Pienso que, en este caso, las preguntas de Emilio son mucho más “optimistas” que las de la intifada. En ellas, hay una pregunta por la justicia exenta de derecho, cuestión que suscribimos (como el propio Emilio sostiene), pero de una justicia que no se “alcanza”, sino que adviene en la misma irrupción del fenómeno. La revuelta es justiciera en su propio devenir. Por eso no necesita de tribunales, ni de abogados para alcanzarla. Ella derriba monumentos (como las pancartas que ondeaban en Tahrir con un Mubarak superpuesto a la estrella de David acusándole de traidor), destituye órdenes, es decir, realiza justicia en su mismo acontecer. Y por eso, tampoco cabría la pregunta que asalta al historicismo y que el propio Foucault habría querido problematizar de ¿para qué sublevarse? La cuestión del “para qué” resulta precisamente la cuestión problemática de la revuelta si acaso ésta se desenvuelve solo como “destitución” y, por tanto, apuesta por los medios puros y no de un medio para un fin a cumplir.

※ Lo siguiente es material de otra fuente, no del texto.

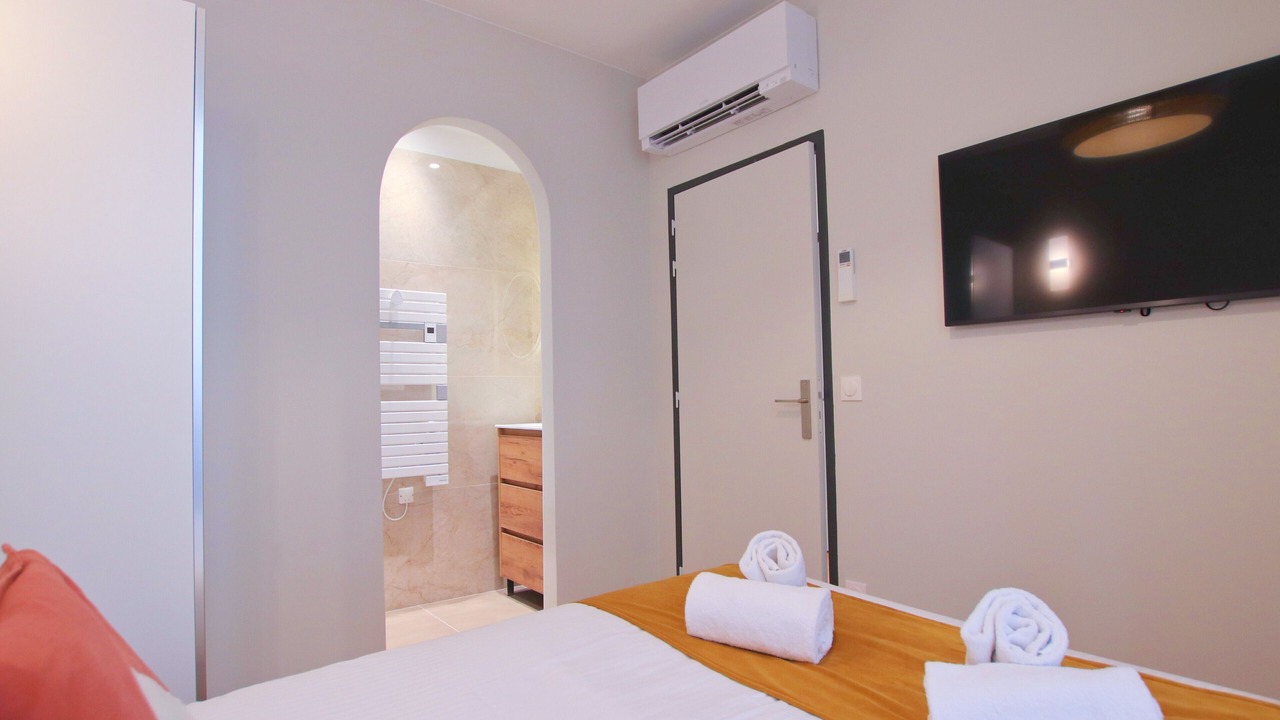 Photo of Bedroom in Hotel de Ville - Quinconces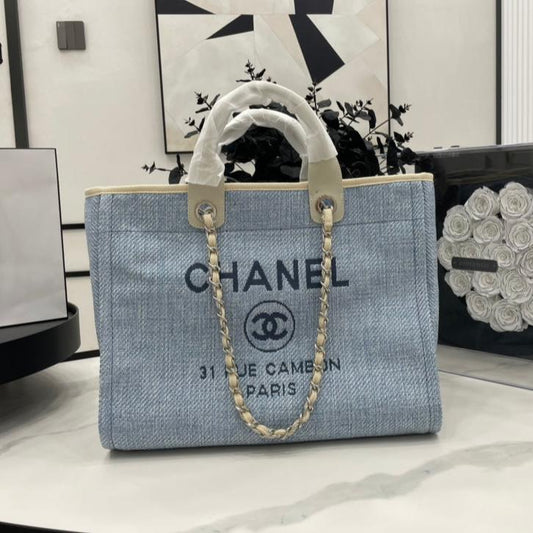 CC DEAUVILLE LARGE 38 TOTE BAG IN LIGHT BLUE CANVAS WITH BLACK LOGO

No hay “para qué” en el sentido de un futuro, sino el abrazo eterno de un presente. Finalmente: ¿estetizo la revuelta? Si por “estetización” entendemos el acto glorificante que monumentaliza una vida singular, diría que no. De ninguna manera o, al menos, no fue eso lo que habría querido expresar, incluso, cuando tocamos la cuestión del martirio. Simplemente intento comprender la dinámica imaginal que ella trae consigo y mostrar, a diferencia de las formas sacrificiales con las que se ha desenvuelto la filosofía de la historia, que la intifada expone la in-fancia de la humanidad, la singularidad de la experiencia que nos atraviesa epifánicamente y que, por eso, no puede reducirse a estetización alguna –al menos así lo entiendo. Pero, por cierto, puedo estar equivocado.
Por ahora, sea esta apostilla para responder a la enorme generosidad de las preguntas de Emilio en esa tarde de noviembre en que el mundo árabe y Chile devinieron uno y el mismo lugar.